In recent years we non-Aboriginal members of the Uniting Church in Australia have had the privilege of journeying with the Uniting Aboriginal and Islander Christian Congress and with other Aboriginal people. We have become more aware of the sad impact that in earlier times the church and our culture had on your people.
So, on the one hand, we give thanks with you for those of our people who have lived among your people bearing faithful witness to the Gospel of Jesus Christ which brings hope and liberation to all. We give thanks to God who has empowered and encouraged your people to stand firm and exercise moral leadership throughout these two centuries.
But on the other hand, we who are non-Aboriginal members of our church grieve with you, our Aboriginal and Islander brothers and sisters. We grieve that the way in which our people often brought the Gospel to your people, belittled and harmed much of your culture and confused the Gospel with western ways. As a result, you and we are the poorer and the image of God in us all is twisted and blurred, and we are not what God meant us to be.
We lament that our people took your land from you as if it were land belonging to nobody, and often responded with great violence to the resistance of your people; our people took from you your means of livelihood, and desecrated many sacred places.
Our justice system discriminated against you, and the high incarceration rate of your people and the number of Black deaths in custody show that the denial of justice continues today.
Your people were prevented from caring for this land as you believe God required of you, and our failure to care for the land appropriately has brought many problems for all of us.

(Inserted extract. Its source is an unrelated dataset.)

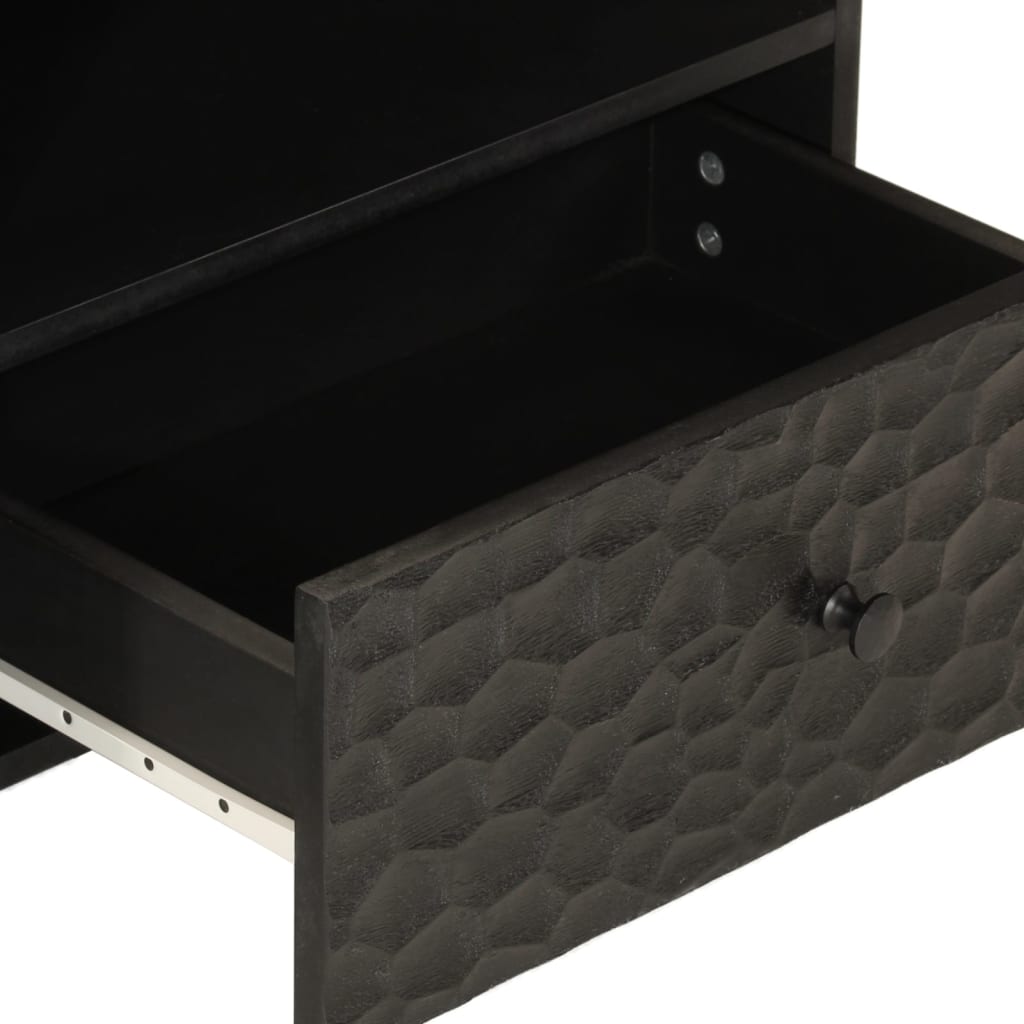 vidaXL TV-Schrank 80x33x46 cm Massivholz Mango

We regret that our churches cooperated with governments in implementing racist and paternalistic policies. By providing foster homes for Aboriginal children, our churches in reality lent their support to the government practice of taking children from their mothers and families, causing great suffering and loss of cultural identity. Our churches cooperated with governments in moving people away from their land and resettling them in other places without their agreement.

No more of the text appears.